»»

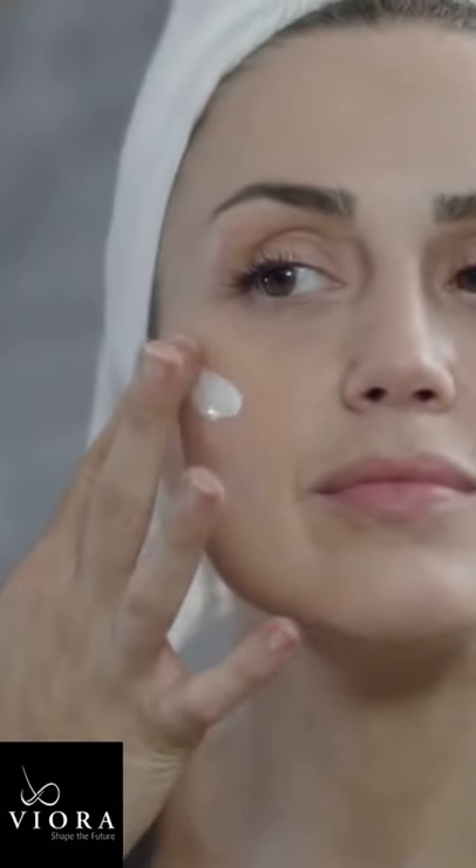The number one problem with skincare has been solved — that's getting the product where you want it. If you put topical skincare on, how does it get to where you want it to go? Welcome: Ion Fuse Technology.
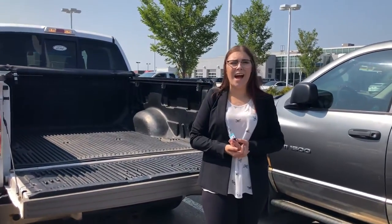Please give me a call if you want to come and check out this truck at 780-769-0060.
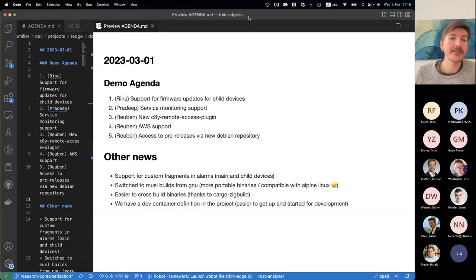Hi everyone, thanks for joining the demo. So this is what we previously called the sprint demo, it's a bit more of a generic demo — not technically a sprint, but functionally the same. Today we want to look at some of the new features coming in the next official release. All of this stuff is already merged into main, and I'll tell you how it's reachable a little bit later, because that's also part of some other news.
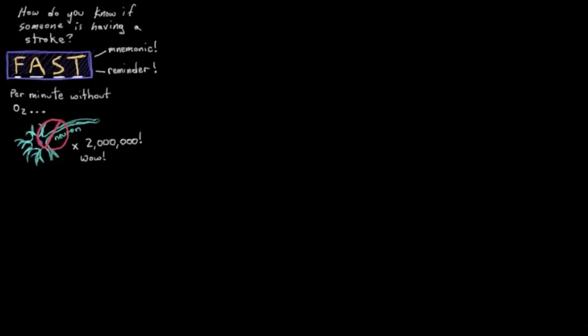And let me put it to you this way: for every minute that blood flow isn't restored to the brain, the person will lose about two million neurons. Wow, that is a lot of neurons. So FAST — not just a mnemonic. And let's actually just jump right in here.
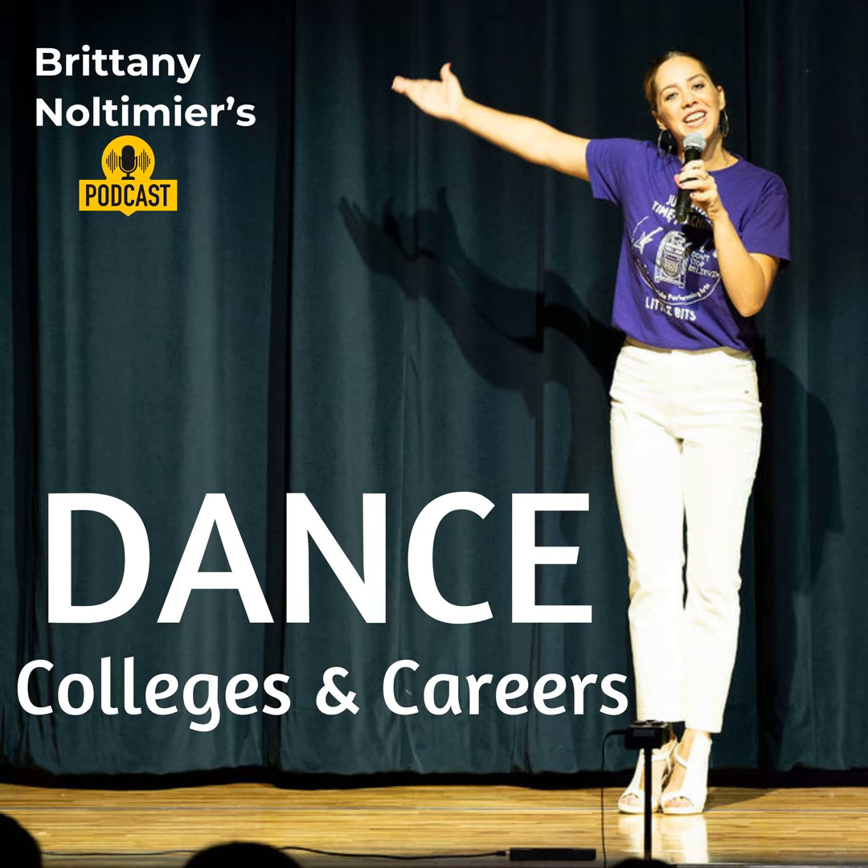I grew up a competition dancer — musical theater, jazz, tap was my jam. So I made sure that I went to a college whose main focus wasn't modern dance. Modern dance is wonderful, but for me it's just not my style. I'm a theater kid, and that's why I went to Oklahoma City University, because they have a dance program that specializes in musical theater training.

««

● TASK INSTRUCTIONS
Your answer should contain only the lines from the beginning of the listing above through the line with "Please give me", copied exactly and without the pictures.

● RESULT
The number one problem with skincare has been solved — that's getting the product where you want it. If you put topical skincare on, how does it get to where you want it to go? Welcome: Ion Fuse Technology.
Please give me a call if you want to come and check out this truck at 780-769-0060.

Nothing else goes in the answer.